> _Exercise objective_
Starting at the line that contains "Koberec Luxusní koberec", restate each line word for word through the final line of the data, keeping both ends.

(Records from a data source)
*** Begin section ***

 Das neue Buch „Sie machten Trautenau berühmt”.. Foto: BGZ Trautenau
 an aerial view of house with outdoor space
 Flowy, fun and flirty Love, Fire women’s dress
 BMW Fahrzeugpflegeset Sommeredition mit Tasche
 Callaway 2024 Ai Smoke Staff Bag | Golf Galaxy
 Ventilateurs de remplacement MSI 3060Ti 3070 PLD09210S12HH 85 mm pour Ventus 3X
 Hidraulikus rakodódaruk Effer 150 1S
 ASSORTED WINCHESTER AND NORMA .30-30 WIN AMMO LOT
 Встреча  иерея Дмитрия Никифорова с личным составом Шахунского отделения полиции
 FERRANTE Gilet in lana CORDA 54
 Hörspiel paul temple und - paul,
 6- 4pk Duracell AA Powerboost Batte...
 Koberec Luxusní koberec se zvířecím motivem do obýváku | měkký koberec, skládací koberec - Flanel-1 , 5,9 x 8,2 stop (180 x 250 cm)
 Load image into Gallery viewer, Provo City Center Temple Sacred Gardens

*** End section ***

> _Written solution_
 Koberec Luxusní koberec se zvířecím motivem do obýváku | měkký koberec, skládací koberec - Flanel-1 , 5,9 x 8,2 stop (180 x 250 cm)
 Load image into Gallery viewer, Provo City Center Temple Sacred Gardens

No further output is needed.